The reactive programming paradigm covers a wide range of applications, such as games and multimedia systems.
Mainstream languages neglect reactive programming, lacking language-level primitives that focus on synchronism and interactions within application parts.


We propose a new reactive synchronous language, with an imperative style, whose primitives are based on unconventional implicit invocation mechanisms.
With this work, we intend to unite the essential features of reactive languages while keeping a convenient imperative style of programming.
A reactive scheduler is responsible for executing reactors, our processing units, based on dependency relations between them built dynamically.
Our language provides dataflow programming, sequential imperative execution, and deterministic use of shared-memory.

Written by francisco

March 9, 2009 at 10:13 pm

About Determinism

with 2 comments

Current approaches for concurrent systems, such as multi-threading and message-passing are inherently non-deterministic, leading to unpredicted execution.

In multi-threaded systems, wherein memory is shared among threads, even if critical sections of code are protected, one is still subject to bugs due to non-determinism.

Suppose one writes the following code:

thread1 {
    ...     // do some processing
    lock {
        a = a + 2
    }
}
thread2 {
    ...     // do some processing
    lock {
        a = a * 2
    }
}

a = 1
start(thread1)
start(thread2)
wait(thread1, thread2)
print(a)

Depending on which thread assigns to `a` first, the value printed might be 6 or 4.
Moreover, each time the program is executed, the other result may be printed, as thread scheduling isn’t deterministic.
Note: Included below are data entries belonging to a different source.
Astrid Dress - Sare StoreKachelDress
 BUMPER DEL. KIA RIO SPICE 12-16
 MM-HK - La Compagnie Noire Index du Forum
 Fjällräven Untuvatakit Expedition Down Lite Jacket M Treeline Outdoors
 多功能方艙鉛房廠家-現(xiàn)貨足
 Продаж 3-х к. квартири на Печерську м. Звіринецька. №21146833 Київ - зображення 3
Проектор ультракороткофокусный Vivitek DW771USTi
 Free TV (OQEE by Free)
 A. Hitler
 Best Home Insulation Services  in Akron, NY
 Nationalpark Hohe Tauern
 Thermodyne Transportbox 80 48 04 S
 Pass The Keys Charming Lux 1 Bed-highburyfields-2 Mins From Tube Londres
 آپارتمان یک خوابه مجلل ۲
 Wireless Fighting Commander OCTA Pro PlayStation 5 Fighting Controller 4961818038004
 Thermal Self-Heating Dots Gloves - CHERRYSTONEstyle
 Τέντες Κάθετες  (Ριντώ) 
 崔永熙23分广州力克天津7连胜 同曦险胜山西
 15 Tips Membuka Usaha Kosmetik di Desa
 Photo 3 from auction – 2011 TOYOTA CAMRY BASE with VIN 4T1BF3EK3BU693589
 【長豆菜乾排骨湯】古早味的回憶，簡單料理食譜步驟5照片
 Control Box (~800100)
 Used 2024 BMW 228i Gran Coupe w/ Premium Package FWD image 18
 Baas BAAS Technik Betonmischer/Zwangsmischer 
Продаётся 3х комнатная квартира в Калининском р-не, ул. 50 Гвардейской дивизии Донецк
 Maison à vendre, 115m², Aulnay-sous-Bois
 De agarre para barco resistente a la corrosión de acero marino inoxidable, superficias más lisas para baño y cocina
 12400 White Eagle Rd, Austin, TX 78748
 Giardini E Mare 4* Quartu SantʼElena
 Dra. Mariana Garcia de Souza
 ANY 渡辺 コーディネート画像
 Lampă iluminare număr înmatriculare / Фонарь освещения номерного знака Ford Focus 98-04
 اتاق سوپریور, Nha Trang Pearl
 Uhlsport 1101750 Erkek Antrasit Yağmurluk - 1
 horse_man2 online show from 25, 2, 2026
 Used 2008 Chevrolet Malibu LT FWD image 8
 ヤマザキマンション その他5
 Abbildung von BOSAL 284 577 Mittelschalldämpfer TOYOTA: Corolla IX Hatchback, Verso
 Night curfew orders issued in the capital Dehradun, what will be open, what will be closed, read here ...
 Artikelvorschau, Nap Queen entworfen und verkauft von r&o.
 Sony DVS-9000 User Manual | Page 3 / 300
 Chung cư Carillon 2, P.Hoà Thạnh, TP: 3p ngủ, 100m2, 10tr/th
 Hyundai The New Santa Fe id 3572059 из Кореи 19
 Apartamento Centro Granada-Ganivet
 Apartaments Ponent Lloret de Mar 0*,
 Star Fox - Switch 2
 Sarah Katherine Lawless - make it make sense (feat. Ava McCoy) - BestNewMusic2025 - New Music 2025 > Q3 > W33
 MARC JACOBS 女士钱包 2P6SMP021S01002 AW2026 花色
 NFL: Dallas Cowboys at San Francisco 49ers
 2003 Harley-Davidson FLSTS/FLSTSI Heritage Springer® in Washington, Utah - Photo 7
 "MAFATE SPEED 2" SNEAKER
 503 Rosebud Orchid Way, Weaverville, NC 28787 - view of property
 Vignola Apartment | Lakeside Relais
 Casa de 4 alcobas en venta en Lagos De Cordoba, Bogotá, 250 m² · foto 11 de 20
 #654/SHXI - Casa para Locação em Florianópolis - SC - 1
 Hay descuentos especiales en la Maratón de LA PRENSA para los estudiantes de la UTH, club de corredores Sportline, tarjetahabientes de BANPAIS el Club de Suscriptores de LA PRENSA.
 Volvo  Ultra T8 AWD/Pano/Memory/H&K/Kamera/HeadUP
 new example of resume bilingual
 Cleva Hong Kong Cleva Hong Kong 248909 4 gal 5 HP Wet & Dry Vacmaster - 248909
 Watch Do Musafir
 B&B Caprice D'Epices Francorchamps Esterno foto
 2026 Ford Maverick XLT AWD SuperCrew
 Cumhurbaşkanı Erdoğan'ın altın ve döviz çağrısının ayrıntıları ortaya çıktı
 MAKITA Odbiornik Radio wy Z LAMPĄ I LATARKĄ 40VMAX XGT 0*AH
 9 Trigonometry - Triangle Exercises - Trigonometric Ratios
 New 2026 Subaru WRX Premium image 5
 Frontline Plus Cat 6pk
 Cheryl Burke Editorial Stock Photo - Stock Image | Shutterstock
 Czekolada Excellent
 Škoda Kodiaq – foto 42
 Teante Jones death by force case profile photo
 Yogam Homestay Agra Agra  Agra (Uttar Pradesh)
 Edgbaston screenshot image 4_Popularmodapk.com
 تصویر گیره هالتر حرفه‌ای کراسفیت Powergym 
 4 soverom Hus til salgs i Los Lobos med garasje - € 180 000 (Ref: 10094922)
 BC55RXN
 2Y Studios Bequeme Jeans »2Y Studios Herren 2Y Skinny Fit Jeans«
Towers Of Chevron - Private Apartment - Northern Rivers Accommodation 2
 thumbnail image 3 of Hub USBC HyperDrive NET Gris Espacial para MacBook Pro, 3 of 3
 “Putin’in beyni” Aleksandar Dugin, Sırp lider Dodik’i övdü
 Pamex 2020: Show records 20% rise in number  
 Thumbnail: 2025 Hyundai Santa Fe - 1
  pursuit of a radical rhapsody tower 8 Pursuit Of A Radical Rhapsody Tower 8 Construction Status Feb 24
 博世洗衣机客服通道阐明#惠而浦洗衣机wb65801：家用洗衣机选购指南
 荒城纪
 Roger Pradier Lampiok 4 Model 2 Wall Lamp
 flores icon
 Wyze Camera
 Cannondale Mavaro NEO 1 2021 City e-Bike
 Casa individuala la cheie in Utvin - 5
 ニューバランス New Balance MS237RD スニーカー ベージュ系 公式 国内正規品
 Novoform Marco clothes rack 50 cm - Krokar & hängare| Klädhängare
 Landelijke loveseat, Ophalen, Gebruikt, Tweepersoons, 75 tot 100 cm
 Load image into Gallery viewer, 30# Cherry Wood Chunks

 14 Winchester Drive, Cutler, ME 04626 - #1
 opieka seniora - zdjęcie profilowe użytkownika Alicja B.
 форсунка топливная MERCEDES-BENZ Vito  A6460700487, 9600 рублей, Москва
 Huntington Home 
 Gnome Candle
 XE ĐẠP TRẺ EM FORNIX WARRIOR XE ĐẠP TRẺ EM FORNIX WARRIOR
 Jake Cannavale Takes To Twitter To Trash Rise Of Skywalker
By using message-passing concurrency, non-determinism is also an issue.
In the code below, the value 6 or 4 might also be printed.

myChannel = new Channel()
cspA {
    ...     // do some processing
    send(myChannel, 4)
}
cspB {
    ...     // do some processing
    send(myChannel, 6)
}
cspC {
    ...     // do long processing
    a = receive(myChannel)
    a = receive(myChannel)
    print(a)
}

The characteristic that makes such systems non-deterministic is that each command in the language takes an unbounded time to execute.
As each thread or process run in asynchrony with each other, we (or the compiler) can’t predict where each thread will be at anytime, being impossible to detect simultaneous accesses to system resources.


Synchronous Concurrency, in the other hand, is deterministic.
Each command is conceptually instantaneous or takes exactly the time it says so.

For instance, in LuaGravity all commands but AWAIT are instantaneous:

_a = _a + 2           -- instantaneous
SPAWN(reactor)        -- instantaneous
AWAIT(reactor)        -- waits for `reactor` to finish
AWAIT(2)              -- waits 2 seconds

In the code below, we can predict simultaneous access to _a that would lead to non-deterministic behavior, and raise an error.

SPAWN(function()
    _a = _a + 2       -- line 2: simultaneous access to `_a` with line 8
end)
SPAWN(function()
    AWAIT(keyboard.press)
    _a = 10           -- deterministic access to `_a`
end)
_a = _a * 2           -- line 8: simultaneous access to `_a` with line 2

The execution of this program yields an error when the second simultaneous access to _a happens.
The prediction of simultaneous access could be even static (if LuGravity had a compiling phase), raising a compile-time error.